Surprising Expats: Ion Curteanu, Classical Cimbalom Performer

  • 2 Jul 2024 7:53 AM
Surprising Expats: Ion Curteanu, Classical Cimbalom Performer
This is part of a series of in-depth interviews with some surprising members of the community, written by Marion Merrick.

If you would like to be interviewed as a Surprising Expat, please write with a few details of what you do, to Marion by clicking here.

Ion Curteanu was twelve years old when, playing football with friends in the corridor of the music school where he was a pupil – a plastic water bottle sufficing as an actual football – he heard a sound that made him stop in amazement. What had caught his attention so powerfully was the playing of an instrument he had loved in the folk music his grandmother used to listen to on her radio.

He hurried towards the double set of doors that soundproofed the teaching rooms and crept between them so that he could hear more clearly. “I must have made a noise,” Ion says, “because the teacher opened the door and asked me what I was doing.
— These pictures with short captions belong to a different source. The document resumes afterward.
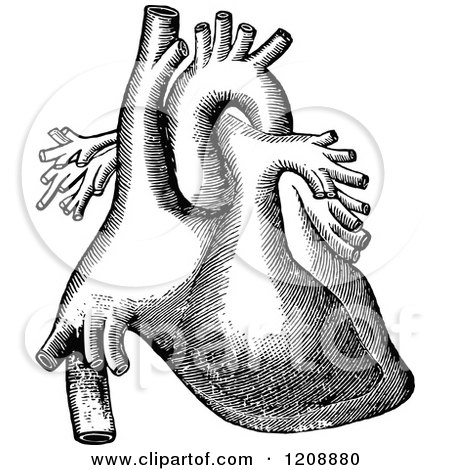 Clipart of a Vintage Black and White Human Heart - Royalty Free Vector Illustration by Prawny Vintage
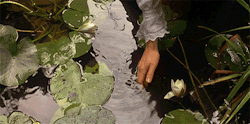 roseydoux: The Secret Garden (1993) 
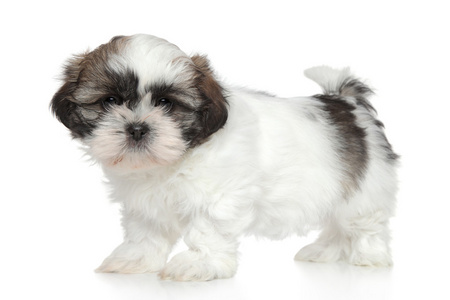 shihtzu 小狗肖像照片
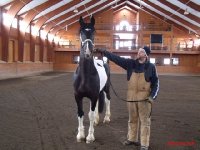 Luxus-Quarantäne-Station "Blue Diamond Stables" in Ohio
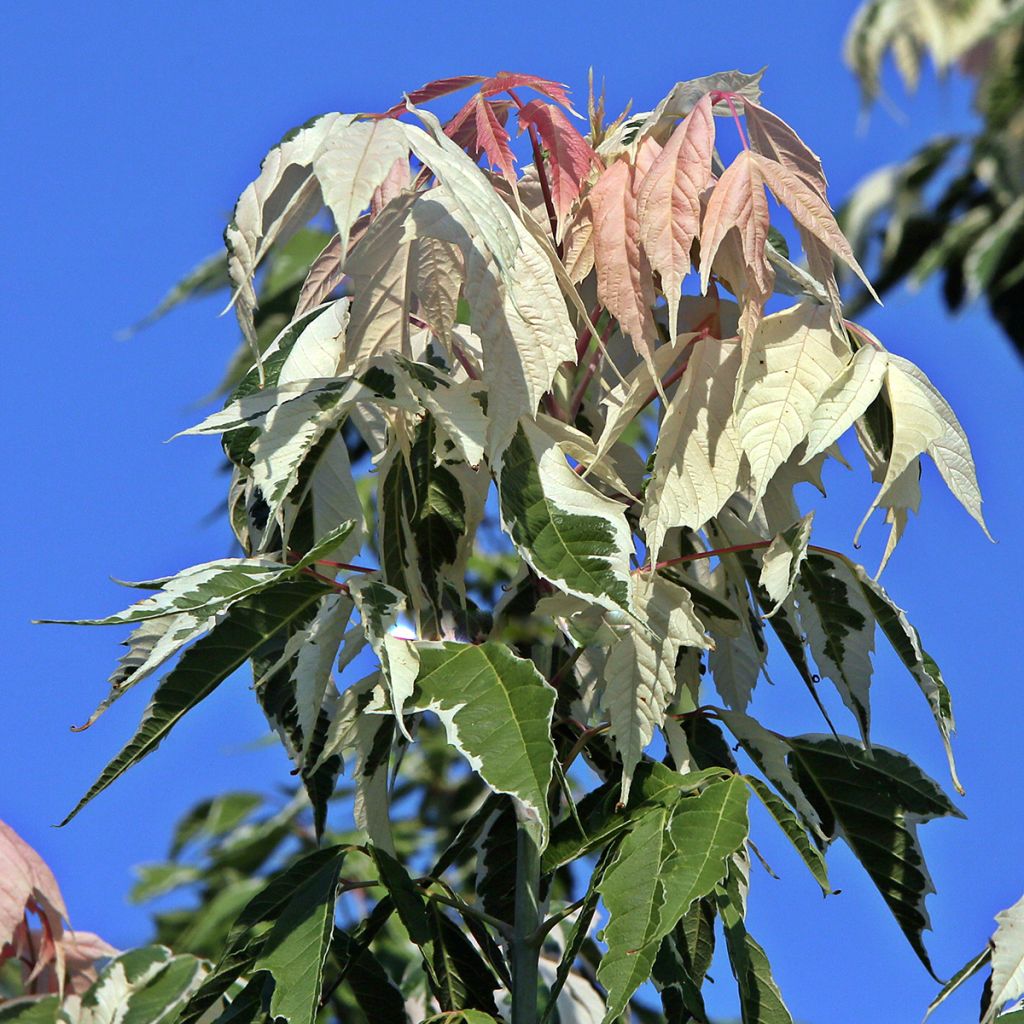 Eschen-Ahorn Flamingo - Acer negundo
When I told him I was just listening, he told me to come in.”

The Ciprian Porumbescu Republican Music Lyceum, Moldova

Ion was born in a tiny settlement called Colegiul Agroindustrial Grinăuți-Raia – “You couldn’t call it a village, there wasn’t even a shop, a church or a post office,” he says – almost two hundred and fifty kilometres from Chişinău, the capital of Moldova.
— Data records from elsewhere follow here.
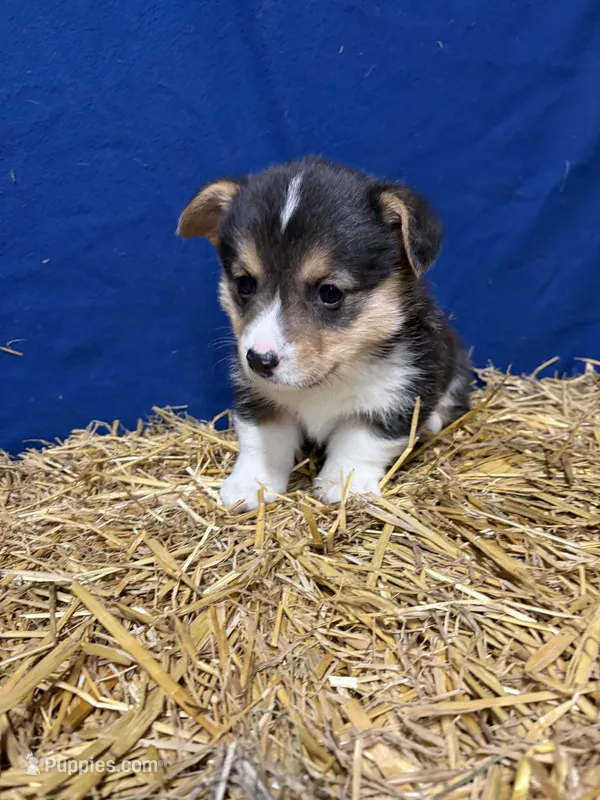 Nacho – Pembroke Welsh Corgi puppy for sale in Rudd, IA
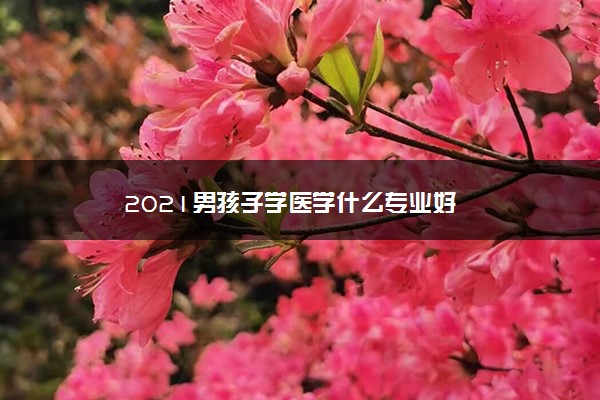 2021男孩子学医学什么专业好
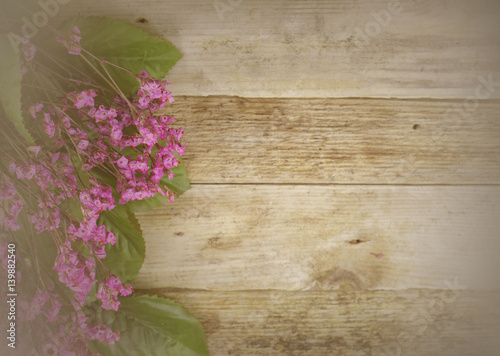 Fotografie, Obraz Dried flowers called broom bloom or bloom weed in pink on a rustic background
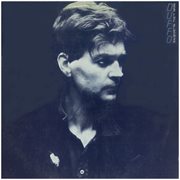 Bob the birdman cover image cdn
His father was a self-taught musician who played synthesisers for weddings and parties, and who was determined that his son would not follow in his footsteps. Meanwhile his mother, seeing her son’s determination to play, kept watch outside their house until her husband appeared, then warning Ion to stop practising.

He was finally allowed to play the piano accordion which he learnt at the local school. “It was like a normal school, but I needed to walk four kilometres from my house to get there. It was in the next village. And I did this route every day - four kilometres each way, so eight kilometres a day just to go to school. It was for three years. And then the question came: what do you want to do next? And I said I wanted to study the accordion, so they found me an opportunity to go to the capital city, to Chişinău.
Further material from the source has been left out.